About the Internet, Pulcrano wrote this, "The biggest area of competition for the alternative press, at the user information level, will be at the back of the book: music, movie and event listings, classified advertising and personals. While print offers many user-friendly advantages to electronic technologies and will likely remain the dominant player for at least the next decade, we can expect to see a gradual erosion in the percentage of readers who rely on print exclusively for these categories of information - particularly as portable wireless devices begin to proliferate and screen technologies cross the 2,000-pixel threshold, at which point electronic resolution will overtake print in terms of readability and resolution."

The accuracy of his comments, especially in view of the fact that they were written 15 years ago, is uncanny to say the least. Here's another passage that is even more compelling - "In terms of advertising, we will likely see a migration (to the web) of classified and personal advertising, along with the introduction of "electronic yellow pages" type services. The electronic medium offers several advantages to print: instant search capabilities based on predetermined criteria, direct placement of ads by readers, instant updating, and the ability to responds to ads electronically."

All of this was laughed at then, but has since come to pass. The other AAN leaders thanked Pulcrano for trying to save their skins by kicking him off the board and going on about their business - certain that their cash cows had nothing to fear from this upstart called the Internet. Bet they would like a do over on that one.

While his peers went on their merry way and kept their date with disaster, Pulcrano acted on his own advice and started preparing for the new age ahead. He started a new company - Boulevards New Media - and began assembling the great portfolio of domain names that would be his future media platform.  
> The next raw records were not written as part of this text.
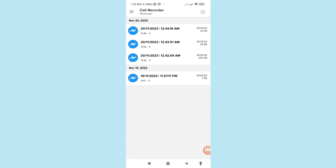Go back and here you can see all your Facebook Messenger call recordings. Thank you very much and please subscribe to this channel.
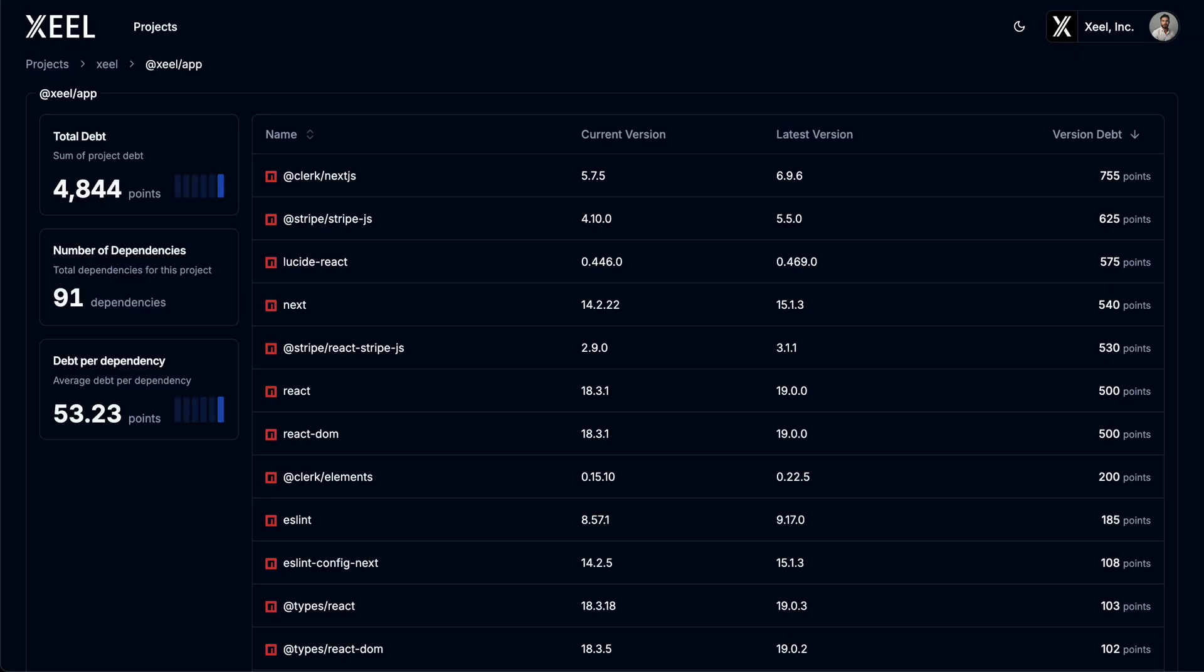By using Zeal's version debt, you can uncover the hidden technical debt lurking in your dependencies and gain a clear understanding of how it impacts your projects. Zeal makes it easy to stay ahead, prioritize updates, and future-proof your codebase.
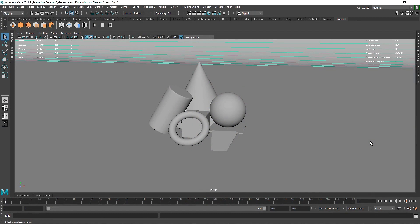Shading can get a bit tedious sometimes, especially when you're working with a large amount of objects in your scene. Today we are going to be taking a look at how we can make this process a little faster by using Arnold and some AI Flakes. AI Flakes is another utility node which Arnold provides.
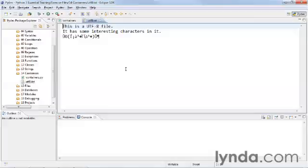They're both running the same software, they're both running Eclipse, they're both running the same version of Python, and yet here we are trying to display this file and it looks like this, whereas on my Mac it looked different. We're going to convert it in a way that it will display here, and we're going to use Python to do this.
Pulcrano sold off money-making print properties while pursuing then unproven digital assets. If they could have, his colleagues undoubtedly would have had him Baker acted for his own protection. Today they all wish they had been as "crazy" as Pulcrano was in 1993

OK, so we have established that Pulcrano made some smart moves - perhaps some of the smartest moves in business history, but who exactly is this guy? What path in life put him in a position to acquire domains like Dallas.com, Seattle.com, Houston.com and many more? Those were the questions that were bouncing around my mind the first time I met Pulcrano at the 2007 GeoDomain Expo in San Francisco last November. I started getting my answers after the opening day of the conference when Pulcrano invited my wife and I to join him and Boulevards executive Mauricio Mejia for dinner at the Farallon Restaurant. 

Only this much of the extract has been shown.